Cette "relation spéciale" avec les Etats-Unis n’est pas exempte d’une certaine schizophrénie, puisque l’aide publique et privée des Américains sert de facto à financer la colonisation juive dans les territoires palestiniens, dont Washington demande l’arrêt. Un gel de celle-ci à Jérusalem, a plaidé M. Nétanyahou, reviendrait à franchir une ligne rouge pour les partis de droite et religieux, et précipiterait la chute de son gouvernement. C’est probablement exact, mais cela n’empêche pas que l’idée d’un changement de majorité est évoquée, à Jérusalem comme à Washington.

Le président Shimon Pérès pousse M. Nétanyahou à se doter d’un gouvernement cohérent, avec l’objectif de parvenir à un accord de paix avec les Palestiniens, ce qui signifie faire appel à Tzipi Livni, chef de file de l’opposition et du parti centriste Kadima. L’administration Obama est favorable à un tel aggiornamento. M. Nétanyahou dispose-t-il d’une majorité de rechange ? Oui et non. Faire entrer Kadima, c’est prendre le risque d’une possible scission au sein de son propre parti, le Likoud, très lié au lobby des colons.

Se débarrasser du parti religieux ultraorthodoxe Shas et de son président et ministre de l’intérieur Eli Yishai, boutefeu de la crise passagère avec Washington, c’est s’aliéner le puissant chef spirituel de Shas, le rabbin Ovadia Yossef. En refusant d’arrêter la colonisation à Jérusalem-Est, M. Nétanyahou confirme qu’il attache plus d’importance à l’avis du "parti des colons", qu’à celui de la Maison Blanche.

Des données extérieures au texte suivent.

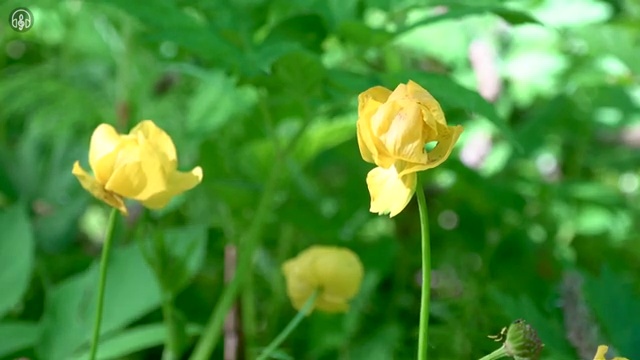  도로교통사고감정사 , 자격증 학습방법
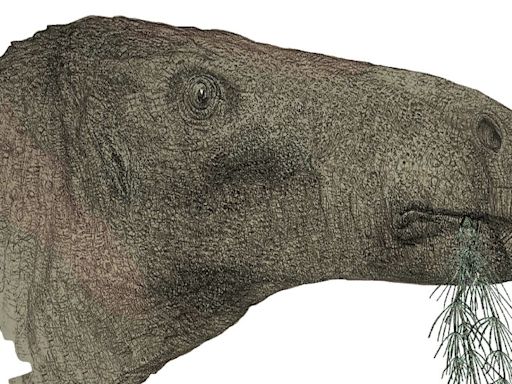 UK’s most complete dinosaur fossil in a century reveals new species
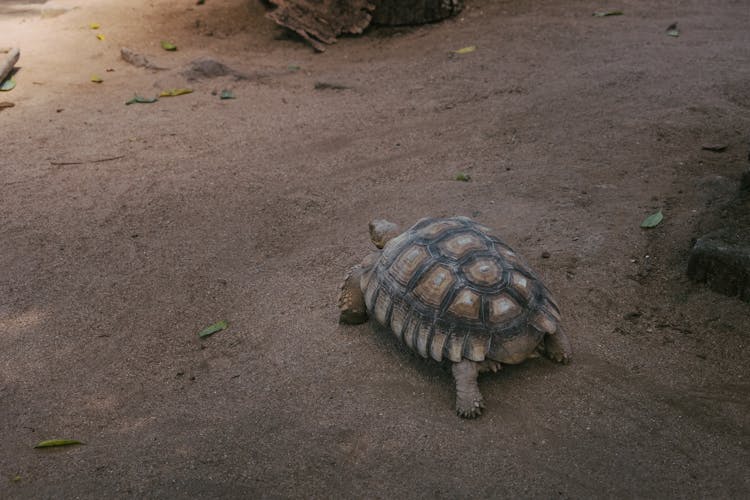 Brown Turtle On Brown Sand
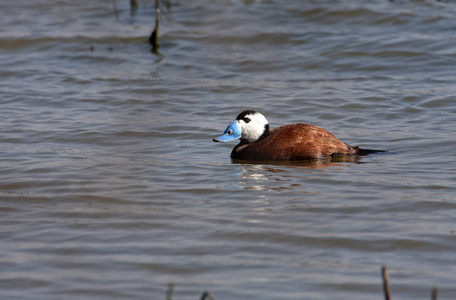 白头鸭. 奥库拉·莱科塞帕拉照片
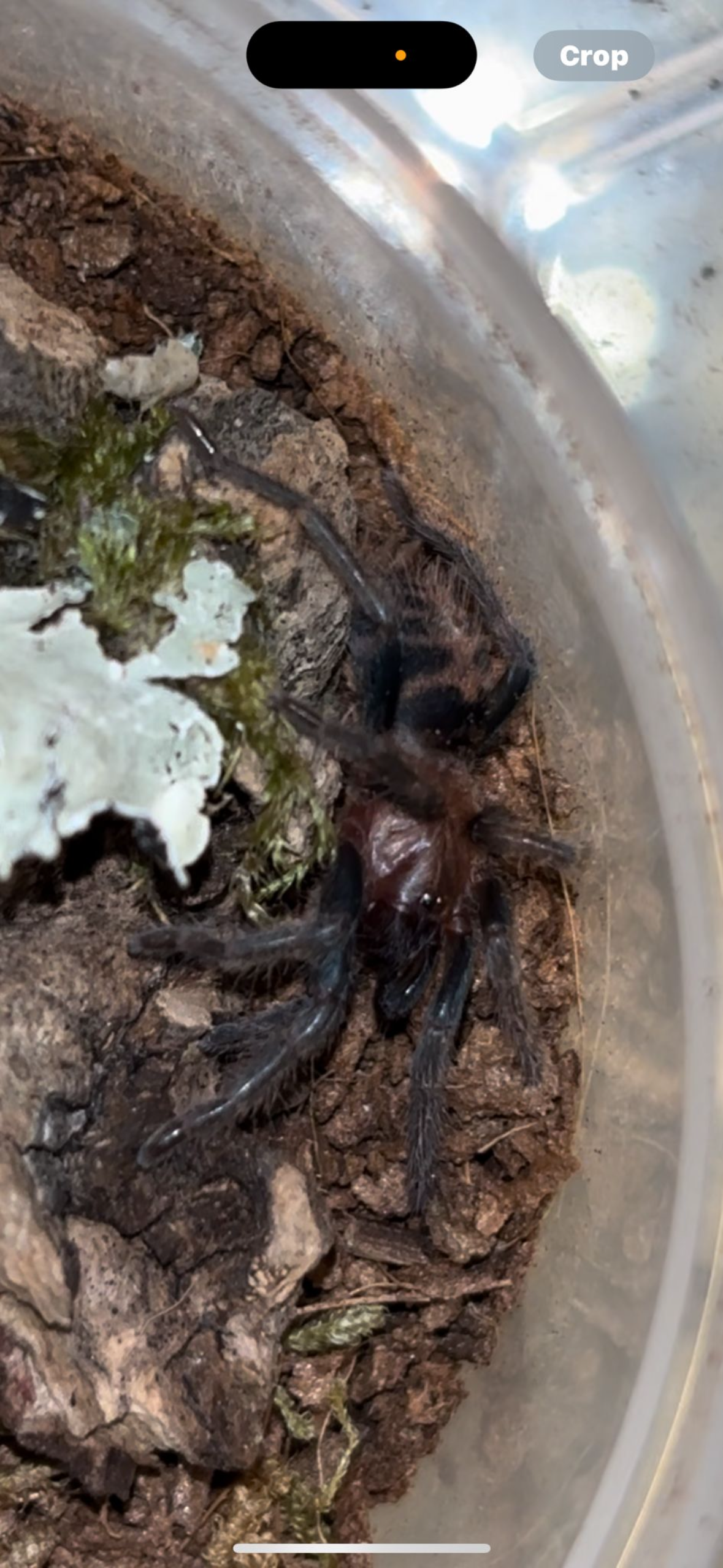 Guatemalan Tiger Rump Tarantula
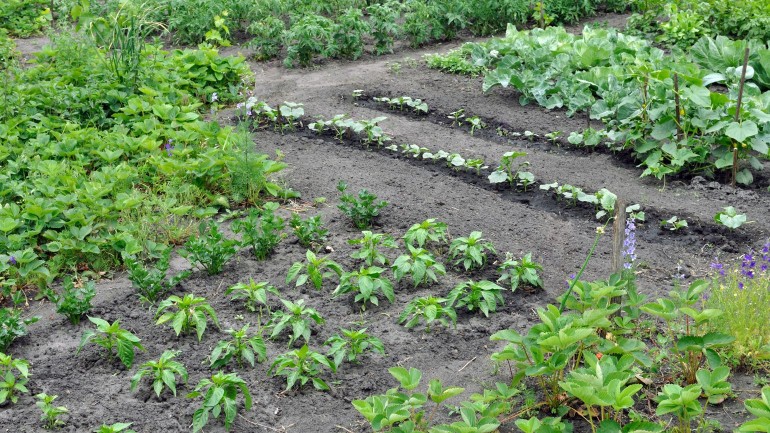 Curso: Planifica tu huerto ecológico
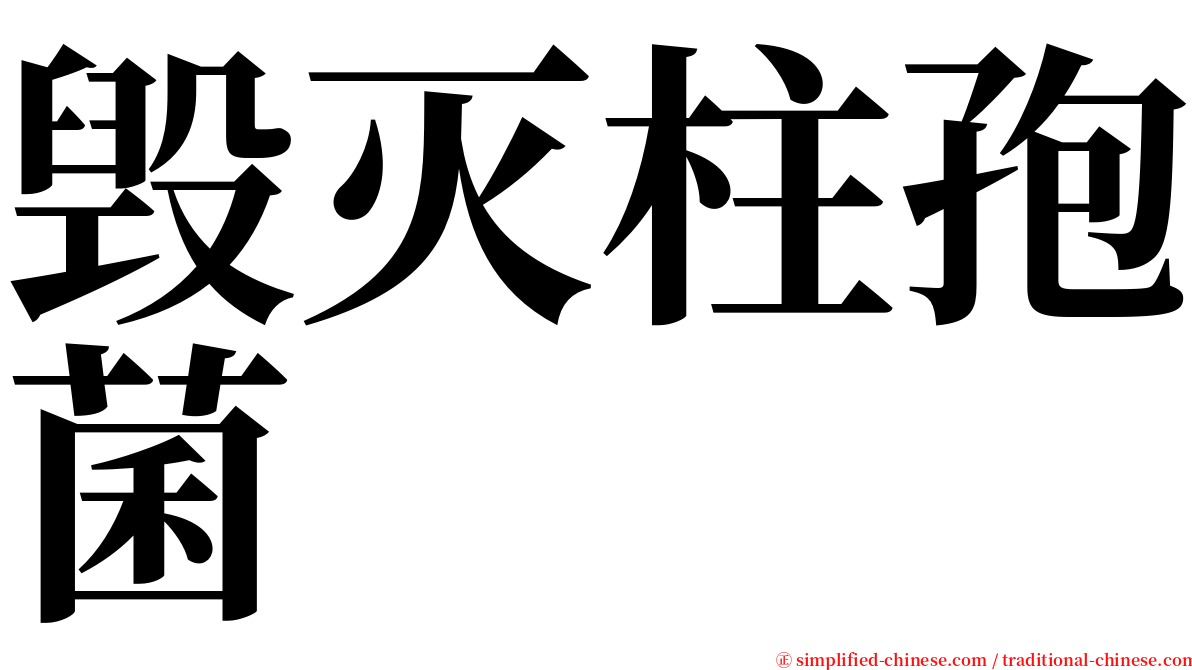 毁灭柱孢菌 serif font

Les Palestiniens ont assisté avec une certaine satisfaction aux soubresauts de la relation israélo-américaine. Mahmoud Abbas, président de l’Autorité palestinienne, sait qu’il doit exploiter avec doigté l’irritation américaine envers M. Nétanyahou. Celle-ci lui redonne un avantage politique, mais l’extension des violences dans les territoires occupés peut replacer les Palestiniens en position d’accusés.

Le Hamas, hostile aux négociations de paix et à toute normalisation de la situation en Cisjordanie, s’efforce d’y allumer la mèche d’une "troisième Intifada". Mais cinq ans ont passé depuis la fin du dernier soulèvement populaire (2000-2005), et une grande partie de la population palestinienne aspire à profiter de la croissance économique. La stratégie du premier ministre Salam Fayyad, qui vise à construire les fondations d’un Etat palestinien avant d’obtenir la reconnaissance de son indépendance en 2011, semble sage, mais fragile.

M. Nétanyahou n’a fait aucun geste pour dissiper le soupçon que son adhésion au principe de "deux Etats pour deux peuples" était tactique. Il poursuit un étrange raisonnement : la politique de colonisation et d’annexion rampante de la partie arabe de Jérusalem mène à une impasse en interdisant la viabilité d’un Etat palestinien. Si cette perspective s’évanouit, Israël se retrouvera dans le pire des scénarios : un Etat israélien binational devant gérer par la coercition une minorité palestinienne qui deviendra inexorablement majorité. Cet Etat en rappelle un autre : l’Afrique du Sud de l’apartheid.